FRCs are essential components of lymphoid organs that provide structural support and secrete factors that guide immune cells. FRCs also promote T-cell migration, survival, and differentiation.

Although FRCs are well-studied in lymphoid tissues, their presence and role within tumors remain unclear. Thus, understanding how FRCs create T-cell-friendly environments within tumors is crucial to clarify the different mechanisms that may boost immunity and improve therapeutic responses. To date, there remains a lack of data on the origin, differentiation pathways, and specific contributions of FRCs to tumor immunity.

About the study

In the present study, researchers utilize various advanced techniques, including single-cell ribonucleic acid (RNA) sequencing, high-resolution microscopy, and cell fate mapping to investigate FRCs in NSCLC and experimental murine models.

Human tumor samples were initially used to identify the distribution and phenotype of FRCs. Immunohistochemical staining revealed the presence of FRCs expressing C-C motif chemokine ligand 19 (CCL19) in tumor-associated niches, such as tertiary lymphoid structures and T-cell tracks. These structures were further examined for their involvement in immune cell interactions and T-cell activity.

In vivo, studies in mice were subsequently conducted to monitor the differentiation of FRCs from perivascular progenitor cells through lineage-tracing methods. Thereafter, two distinct FRC subsets of perivascular reticular cells and T zone reticular cells were found to originate from adventitial and mural fibroblast populations. The spatial organization of these FRC subsets was analyzed through confocal microscopy to elucidate their role in creating pathways for T-cell migration and clustering within tumors.

A coronavirus vector-based immunotherapy model was also used to assess how FRC networks enhance immune cell recruitment and activity.
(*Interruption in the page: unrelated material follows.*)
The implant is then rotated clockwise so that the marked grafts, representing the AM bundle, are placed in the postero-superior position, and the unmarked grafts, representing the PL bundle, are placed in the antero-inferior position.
Additionally, FRC ablation or inactivation was performed in mice to determine their role in maintaining intra-tumoral T-cell populations and promoting tumor control. Various bioinformatics analyses were also employed to identify molecular pathways involved in FRC-mediated immune regulation.

Study findings

FRCs play a pivotal role in promoting anti-tumor immunity within lung cancer by forming interconnected T-cell environments. These specialized cells, which were identified in both human tumors and mouse models, establish niches resembling lymphoid organ structures, including tertiary lymphoid structures and T-cell tracks.
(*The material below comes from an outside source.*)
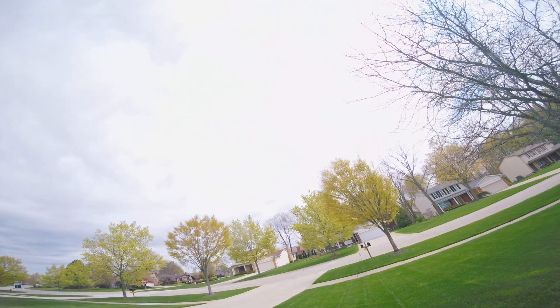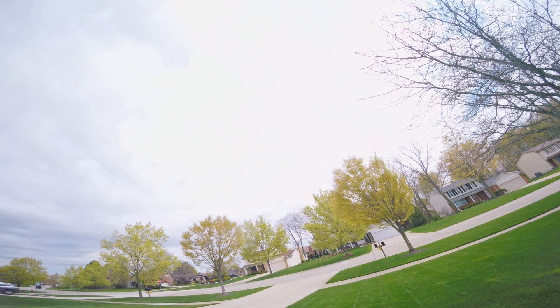Tiny little flight here. Just no gyro low pass.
In human NSCLC, CCL19-expressing FRCs were responsible for tertiary lymphoid structure formation and T-cell tracks. These structures facilitated T-cell clustering, which suggests enhanced immune interactions within the tumor microenvironment. Confocal microscopy also revealed CCL19 gradients along T-cell tracks that likely facilitate T-cell migration and activation.

In mice, lineage tracing demonstrated that FRCs differentiate from distinct progenitor cells located in perivascular spaces. Both FRC subsets of perivascular reticular cells and T-zone reticular cells were found to be critical for maintaining these immune niches and supporting T-cell recruitment, survival, and activation through the secretion of migration cues, growth factors, and chemokines.

Experiments using a coronavirus vector-based immunotherapy model further revealed that inducing FRC-supported tertiary lymphoid structures enhanced immune cell infiltration and anti-tumor activity. Additionally, ablation of FRCs led to diminished T-cell presence and reduced tumor control, thus reflecting their essential role in immune defense.

The bioinformatics analyses identified key molecular pathways mediated by FRCs, including those involving chemokines such as C-X-C motif chemokine ligand (CXCL)12 and CXCL16, as well as adhesion molecules such as intercellular adhesion molecule 1 (ICAM-1) and vascular cell adhesion molecule 1 (VCAM-1).

Conclusions

FRCs provide the structural and functional foundations for intra-tumoral immune environments by facilitating T-cell migration, clustering, and activation. These findings highlight the potential of FRCs as therapeutic targets to enhance anti-tumor immunity by promoting the formation and function of T-cell-supportive niches.